Board of directors and committees
The Board of Directors of Kinepolis Group consists of ten members, four of whom can be considered as independent of the majority shareholders and management. Executive Management is formed by the CEO, Eddy Duquenne.
|NAME||MANDATE||END OF MANDATE|
|nv Pentascoop, represented by Mr. Joost Bert (1)(2)||Chairman||2020|
|Mr. Philip Ghekiere (1)(2)||Vice Chairman||2020|
|Mr. Eddy Duquenne||CEO||2020|
|bvba Marion Debruyne represented by Mrs. Marion Debruyne*||Director||2019|
|bvba Pallanza Invest, represented by Mr. Geert Vanderstappen***||Director||2022|
|Gobes Comm.V., represented by Mr. Rafaël Decaluwé**||Director||2019|
|van Zutphen Consulting bv represented by Mrs. Annelies van Zutphen||Independent Director||2019|
|bvba Mavac, represented by Mrs. Marleen Vaesen||Independent Director||2020|
|bvba SDL Advice, represented by Mrs. Sonja Rottiers||Independent Director||2020|
|ebvba 4F, represented by Mr. Ignace Van Doorselaere****||Independent Director||2019|
(1) Non-executive director (2) Representing the majority shareholders * Other mandates within Ackermans & Van Haaren nv ** Other mandates within Jensen Group nv *** Other mandates within Smartphoto Group nv **** Other mandates within Neuhaus nv
The Board of Directors consists of ten members, four of whom can be considered as independent of the majority shareholders and management. These independent directors fulfil the criteria as stated in the Article 526 ter of the Companies Code ‘establishing the criteria for independent directors’ and were appointed upon nomination by the Board of Directors, which was advised on this matter by the Nomination and Remuneration Committee. The reference shareholders did not use their nomination right with regard to these appointments.

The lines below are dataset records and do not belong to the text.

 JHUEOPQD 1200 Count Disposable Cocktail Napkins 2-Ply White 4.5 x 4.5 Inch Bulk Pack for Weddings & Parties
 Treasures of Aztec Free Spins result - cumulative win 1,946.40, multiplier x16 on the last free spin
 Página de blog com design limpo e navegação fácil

The Board regularly reviews the criteria for its composition and of its committees, in light of ongoing and future developments and expectations, as well as its strategic objectives. The Board gives appropriate attention to complementarity and diversity among its members, including gender and age diversity, and ensures a balance between innovation and continuity in order that the acquired knowledge and history can be passed on efficiently in the Board and its committees.

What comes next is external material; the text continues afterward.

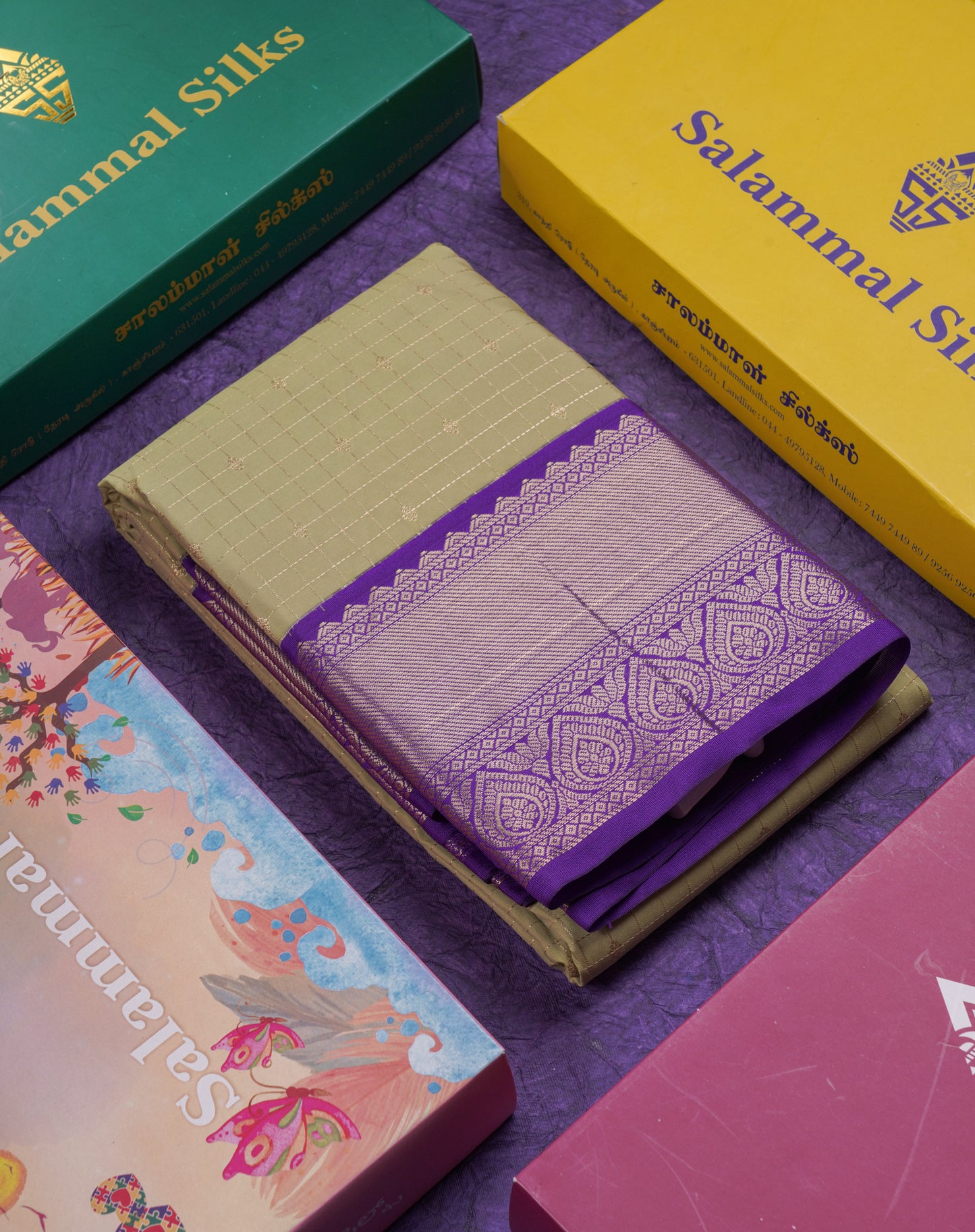 Beautiful Pista Green Zari Checks And Buttas Semi Silk Saree With Contrast Violet Traditional Border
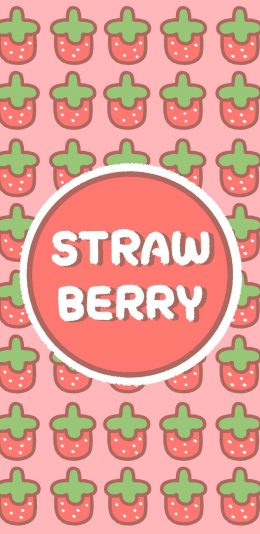 [2436x1125]草莓 平铺 strawberry 粉 苹果手机动漫壁纸图片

On the General Assembly of 2018 two new board members have been appointed: BVBA Mavac, represented by Mrs. Marleen Vaesen, and BVBA SDL Advice, represented by Mrs. Sonja Rottiers. The Board of Directors is convinced that the extensive management experience of the two directors in diverse sectors and their people-oriented growth philosophy will add value to the Board of Directors of Kinepolis Group.
Contrary to Stipulation 2.9 of the Belgian Corporate Governance Code 2009, the Board of Directors has not appointed a secretary, as it believes these duties can be fulfilled by the President assisted by the Senior Legal Advisor, bearing in mind the limited size of the Company.

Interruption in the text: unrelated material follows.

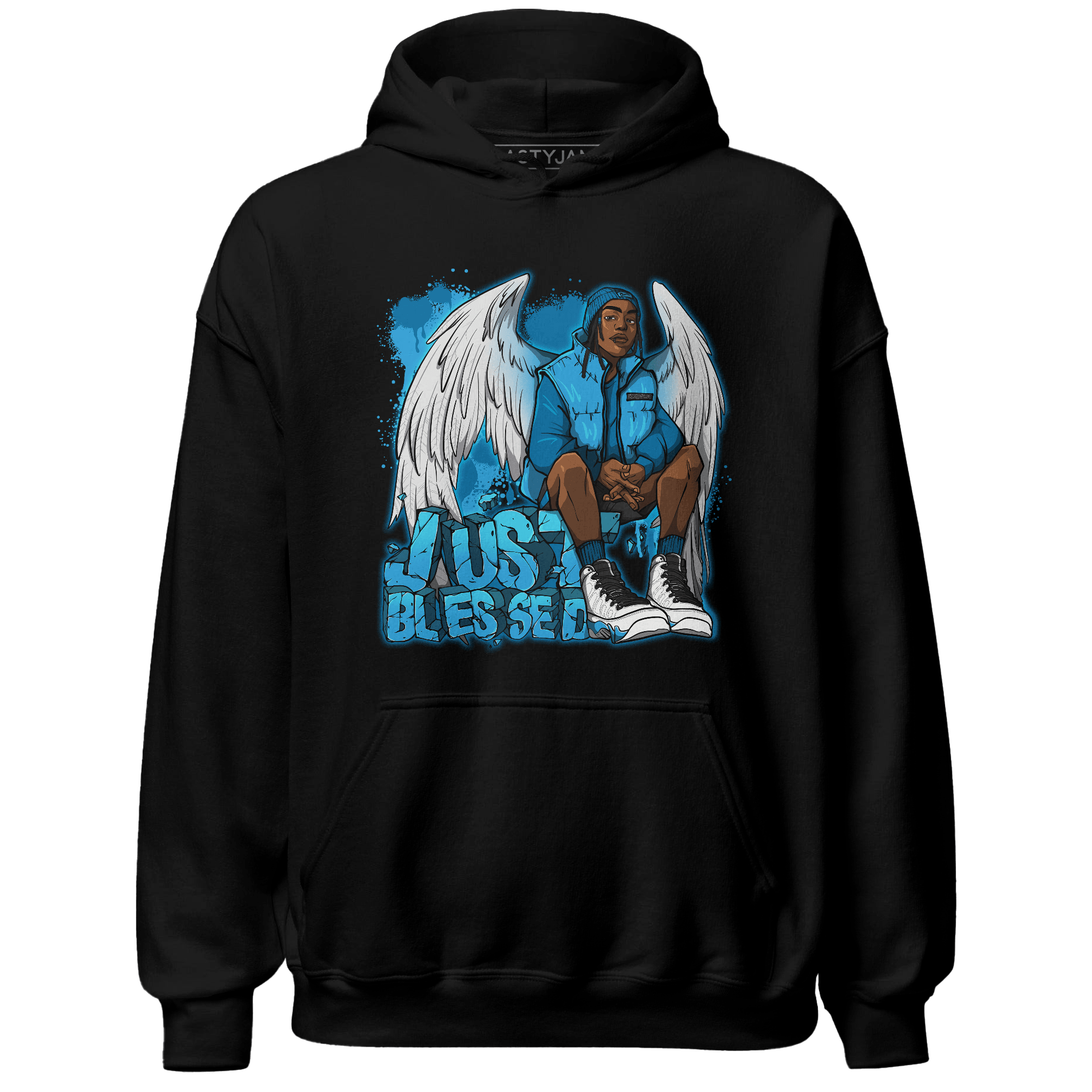 Powder Blue 9s Hoodie Match Just Blessed - NastyJamz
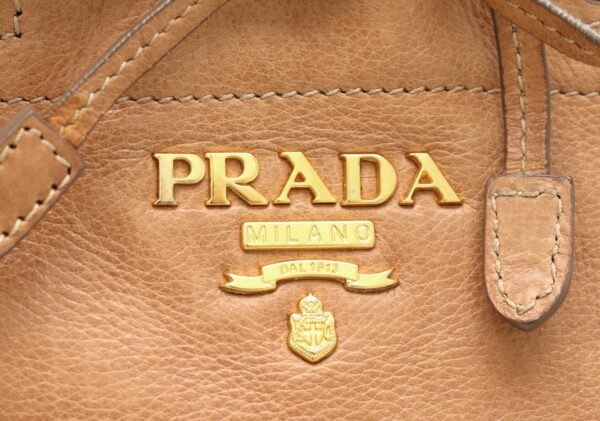 11820207 8 Prada Handbag 2WAY Ribbon Leather Brown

Nomination and Remuneration Committee
In accordance with the possibility provided for in the Corporate Governance Code, Kinepolis Group nv has one joint committee – the Nomination and Remuneration Committee.
This committee consists of the following non-executive directors, the majority of whom are independent directors with the necessary expertise and professional experience in human resources, bearing in mind their previous and/or current business activities:
★ Mr. Joost Bert, Chairman of Kinepolis Group nv ;
★ bvba SDL Advice (*), whose permanent representative is Mrs. Sonja Rottiers ;
★ 4F ebvba (*), whose permanent representative is Mr. Ignace Van Doorselaere, CEO of Neuhaus.
Mr. Joost Bert is President of the Nomination and Remuneration Committee. The Chief Executive Officer may attend the meetings of the Nomination and Remuneration Committee (NRC) by invitation.
(*) Independent director
Pursuant to Article 526 bis of the Companies Code, the Audit Committee is exclusively composed of non-executive directors of whom the majority are also independent. The Audit Committee, as a whole, has the appropriate expertise with regard to accounting and auditing and was composed as follows:
★ Pallanza Invest bvba, whose permanent representative is Mr. Geert Vanderstappen, who combines five years’ experience as Corporate Officer at Generale Bank’s Corporate & Investment Banking with seven years’ operational experience as CFO at Smartphoto group nv and is now Managing Partner at Pentahold;
★ bvba Mavac (*), whose permanent representative is Mrs. Marleen Vaesen ;
★ bvba SDL Advice (*), whose permanent representative is Mrs. Sonja Rottiers.
Mr. Geert Vanderstappen is the Chairman of the Audit Committee. The Chief Financial Officer, the Chief Executive Officer and the internal auditor attend the meetings of the Audit Committee.